*AIM OF THE TASK:*
Transcribe the full listing exactly, and drop every picture.

*RECORDED DATA:*
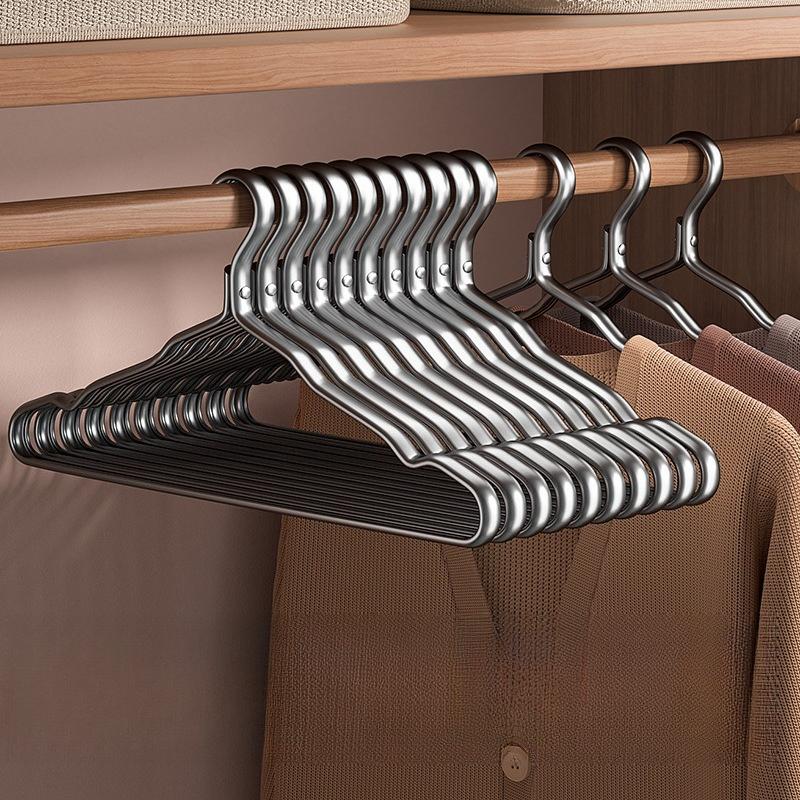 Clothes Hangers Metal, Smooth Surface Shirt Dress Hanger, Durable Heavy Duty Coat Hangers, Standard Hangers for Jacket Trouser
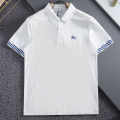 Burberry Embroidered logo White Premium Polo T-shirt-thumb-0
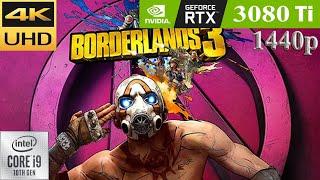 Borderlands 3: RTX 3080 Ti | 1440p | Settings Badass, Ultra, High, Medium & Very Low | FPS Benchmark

*RESPONSE TO THIS EXERCISE:*
 Clothes Hangers Metal, Smooth Surface Shirt Dress Hanger, Durable Heavy Duty Coat Hangers, Standard Hangers for Jacket Trouser
 Burberry Embroidered logo White Premium Polo T-shirt-thumb-0
 Borderlands 3: RTX 3080 Ti | 1440p | Settings Badass, Ultra, High, Medium & Very Low | FPS Benchmark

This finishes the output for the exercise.